Commit Graph

3 Commits

Author SHA1 Message Date
steve 350be3f19d feat(alerts): per-source-group dedup so two failing backups produce two alerts
Until now the open-alert key was (host_id, kind, resolved_at IS NULL).
A host with two source groups both failing collapsed onto one
backup_failed row — second failure bumped last_seen_at and
overwrote the message but never re-fan-out. Operators saw one
alert that appeared to flap, not two distinct broken things.

Schema changes (column-level ALTER, no rebuild):

- 0015 jobs.source_group_id (FK → source_groups, ON DELETE SET NULL,
  index).
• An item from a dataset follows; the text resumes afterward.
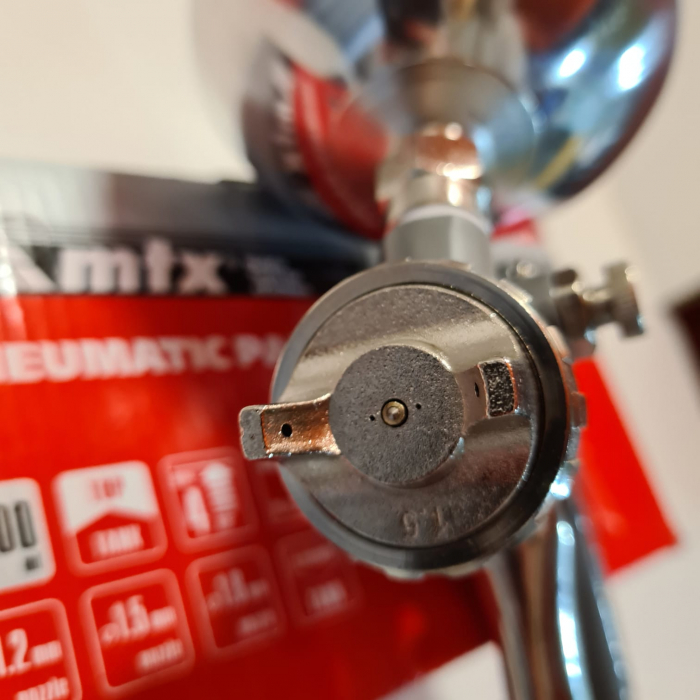 Pistol de vopsit, Matrix 573159, cana metalica 1 litru, duza 1.2, 1.5 si 1.8, consum aer 75- 230 l/min [4]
Populated for backup jobs in CreateJob.
- 0016 alerts.dedup_key (NOT NULL DEFAULT ''). The old alerts_open
  partial index gets dropped and replaced with a UNIQUE partial
  index on (host_id, kind, dedup_key) WHERE resolved_at IS NULL —
  the index is now the actual dedup primitive.

Plumbing:

- RaiseOrTouch / AutoResolve / Alert struct gain dedup_key.
- engine.JobFinishedEvent gains SourceGroupID; handleJobFinished
  passes it through for backup_failed only (forget/prune/check stay
  repo-scoped with key='').
- ws.handler reads SourceGroupID off the freshly-loaded job row.
- dispatchJobWithPayload gains a *string sourceGroupID arg; the
  per-group Run-now path and schedule.fire path pass &g.ID.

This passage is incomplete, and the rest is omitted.